AI in Operating Rooms Expected to Surge by 2030
The use of artificial intelligence (AI) in hospital operating rooms is anticipated to grow significantly by 2030, based on a report released by Research and Markets.
The market is estimated to jump from $900 million in 2025 to $1.17 billion in 2026, reflecting a compound annual growth rate (CAGR) of 30%. Furthermore, by 2030, the global AI in operating room market could reach $3.29 billion, growing at a CAGR of 29.6%.
This growth in market value is largely attributed to factors like the rise of minimally invasive surgeries, AI-powered surgical robotics, and the increasing digitalization and precision of medical interventions.
Specifically, the report indicates that the number of robots used in operating rooms is projected to rise to 553,052 globally by 2022, marking a 5% increase from the previous year.

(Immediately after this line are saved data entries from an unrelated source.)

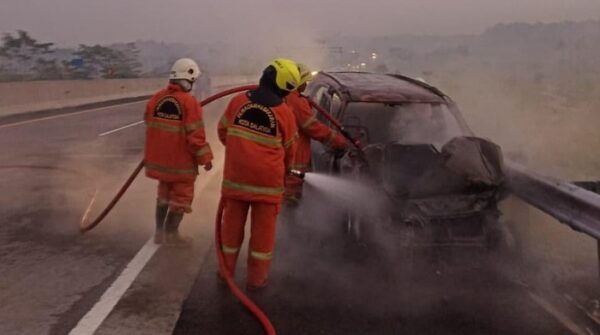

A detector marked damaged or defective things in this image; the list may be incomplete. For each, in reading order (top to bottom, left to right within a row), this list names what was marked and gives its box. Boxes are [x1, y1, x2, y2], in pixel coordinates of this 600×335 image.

burnt car roof [318, 72, 446, 105]
charred car body [304, 71, 506, 249]
burned car [304, 74, 506, 252]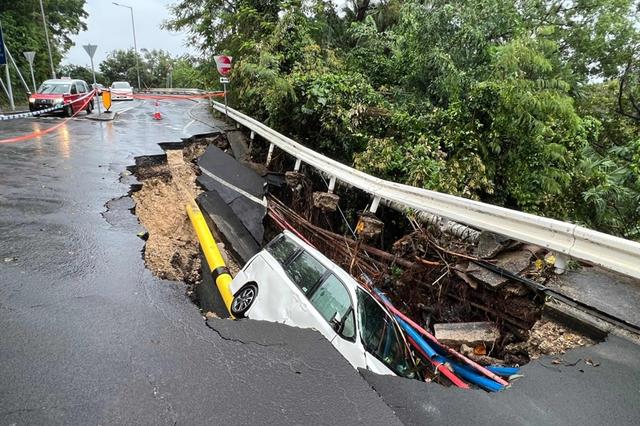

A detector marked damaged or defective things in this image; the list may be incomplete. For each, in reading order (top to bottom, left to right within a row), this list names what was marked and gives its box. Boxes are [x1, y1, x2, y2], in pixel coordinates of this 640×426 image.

cracked asphalt [0, 101, 400, 424]
broken pavement slab [436, 322, 500, 348]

As AI becomes more integrated into healthcare, new data has emerged suggesting a surge in adoption in the U.S. and other regions. For instance, a report from the Federal Reserve Bank of St. Louis found that 43.9% of metropolitan hospitals were using some form of AI in their operations as of July 2025.

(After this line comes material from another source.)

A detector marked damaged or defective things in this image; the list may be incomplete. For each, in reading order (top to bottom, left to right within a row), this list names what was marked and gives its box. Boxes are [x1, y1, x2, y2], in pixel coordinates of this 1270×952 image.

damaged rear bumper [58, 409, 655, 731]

Adopting AI models in surgical settings could potentially improve efficiency, reduce costs, and enhance safety during procedures. However, challenges such as data access, privacy issues, and the need for extensive validation studies could hinder the widespread acceptance of AI in operating rooms.
Previously, experts have raised concerns that the integration of AI may contribute to rising healthcare costs in the United States, which is something to think about as this technology continues to evolve.
Microsoft CEO Satya Nadella has pointed out that AI stands as the most crucial technology priority today, emphasizing that healthcare represents its most pressing application.